Entity Resolution: Reflections on the most common data science challenge

kartoolOz · on Sept 13, 2022

I recently had to solve the Entity Resolution Problem at my workplace, and here was how i went about it.

Problem Statement:

   - Find the right entity for a query among ~50m entities.

   - Queries could be few of the entity attributes (If entities have n attributes, query can in 1..n)

   - Queries can mention attributes in various ways (Partial information, Typing errors, abbreviation, Extra information etc)

Existing Solution:

    - Elastic search based match, using complicated heuristics overfit on a small training set. Gets worse over time as number of entities increase, the top-20 search retrieval accuracy was around ~40% on current number of entities.

Implemented Solution:

     - Embedding search using a Sentence embedding model (pretrained Deberta finetuned for current problem) trained via Contrastive Learning, where positive pairs are generated using augmentations for each attribute which best mock the queries (after going through many user queries)

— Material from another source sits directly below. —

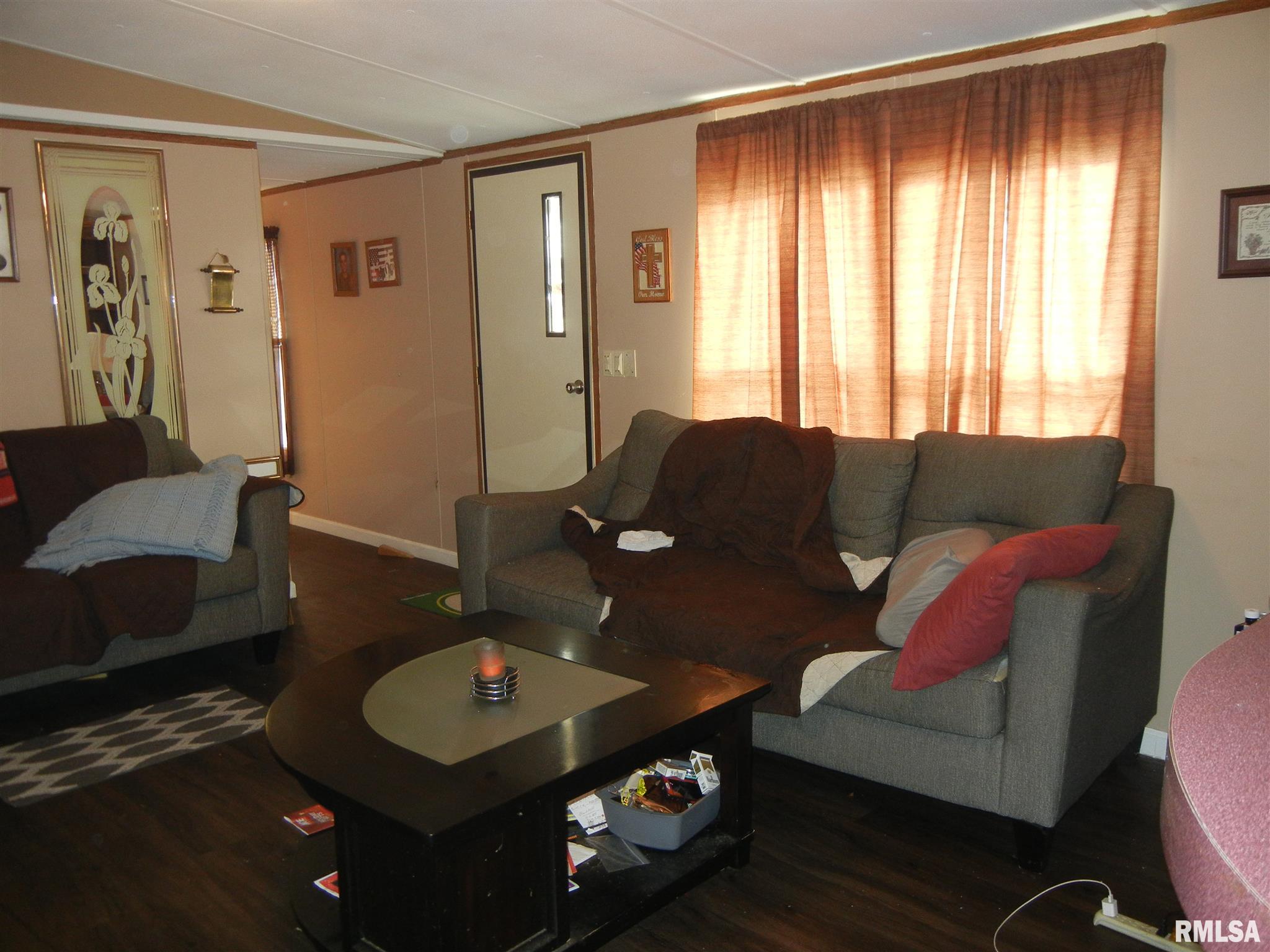 4245 Church Road Salem, IL 62881 - Photo 3 of 19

     - Top-20 accuracy was around 98%, filtering out right entity was through hueristics and other business logic with proper confidence measure (hyper-param tuned on val set), after final pipeline we could get the high confidence top-1 accuracy to around 99.995% (precision) and 86% (recall).

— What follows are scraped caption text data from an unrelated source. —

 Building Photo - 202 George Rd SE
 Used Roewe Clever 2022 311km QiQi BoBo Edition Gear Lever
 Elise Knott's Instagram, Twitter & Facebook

We ended up going with pinecone for the embedding search, and the search latency was around ~100ms (top 50 among ~50m embeddings)

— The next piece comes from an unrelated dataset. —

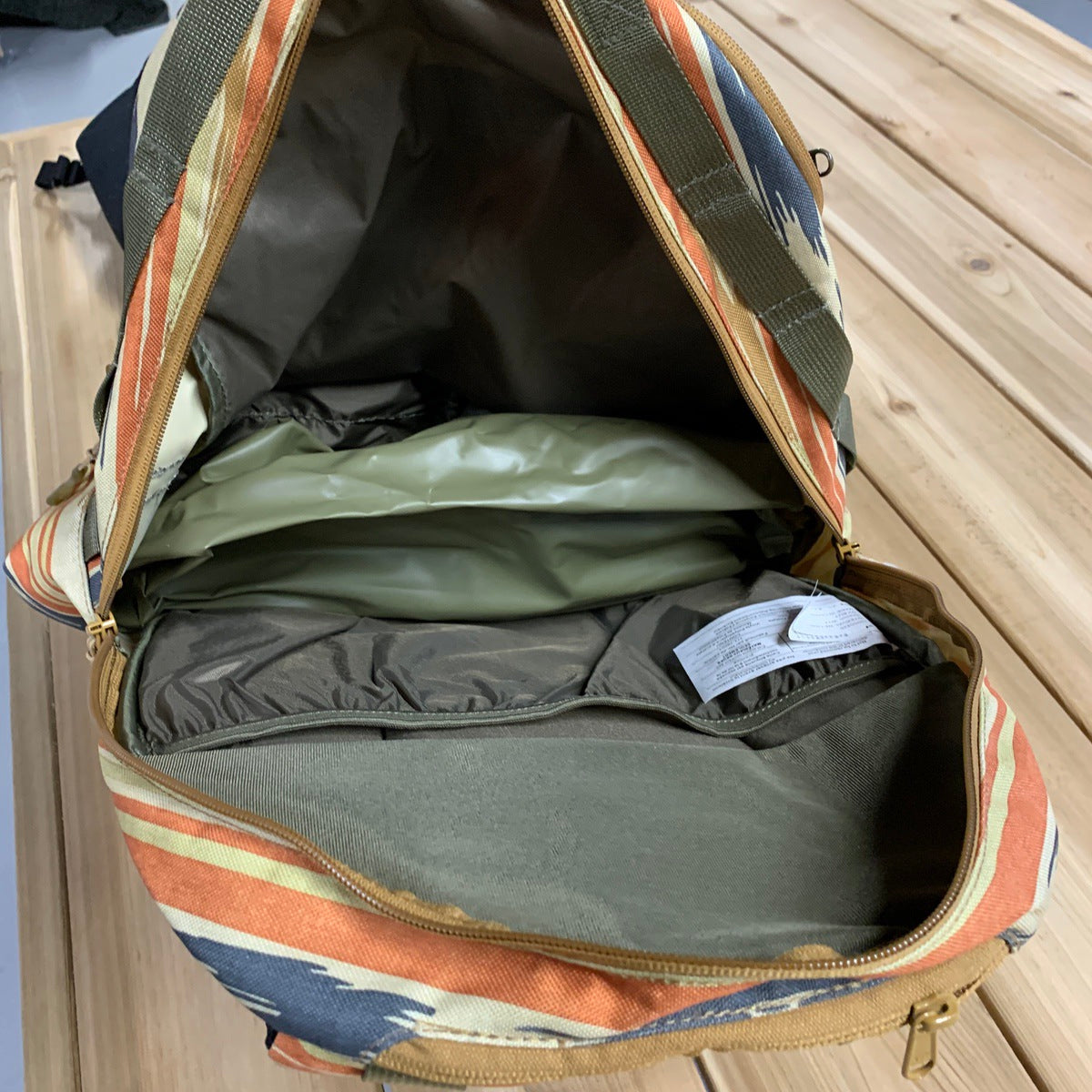Travel Luggage - Dakine Backpack Interval Wet/Dry 24L Standstone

hendrik_tilores · on Sept 13, 2022

Can you add data to your solution in realtime and is it possible to delete records? How and where are you hosting your solution (on premise, cloud, ....) is it highly available and does it automatically scale?

Did you try zentity (for elastic) or zingg.ai?

kartoolOz · on Sept 13, 2022

It's supports all CRUD operations, used pinecone as the vector storage and it's highly available and can be scaled to additional pods, existing solution was using zentity.

shaqbert · on Sept 13, 2022

The main impediment to companies adopting entity resolution tech is the incentive structure. Companies want to show growing user numbers, transactions, leads, order, etc. Alas if you look closely and sift out the dupes/frauds, your growth looks a lot less expressive. So why look closely?

hendrik_tilores · on Sept 13, 2022

I think the point there is that you want to have clean data. Sure for you numbers it would look better if these are bigger - like for twitter and the bots... However you also need to see the other side - the operational one. If we have the same customer 5 times in your data, you will also target that customer 5 times with the same marketing initiative, you will have 5 times the costs etc.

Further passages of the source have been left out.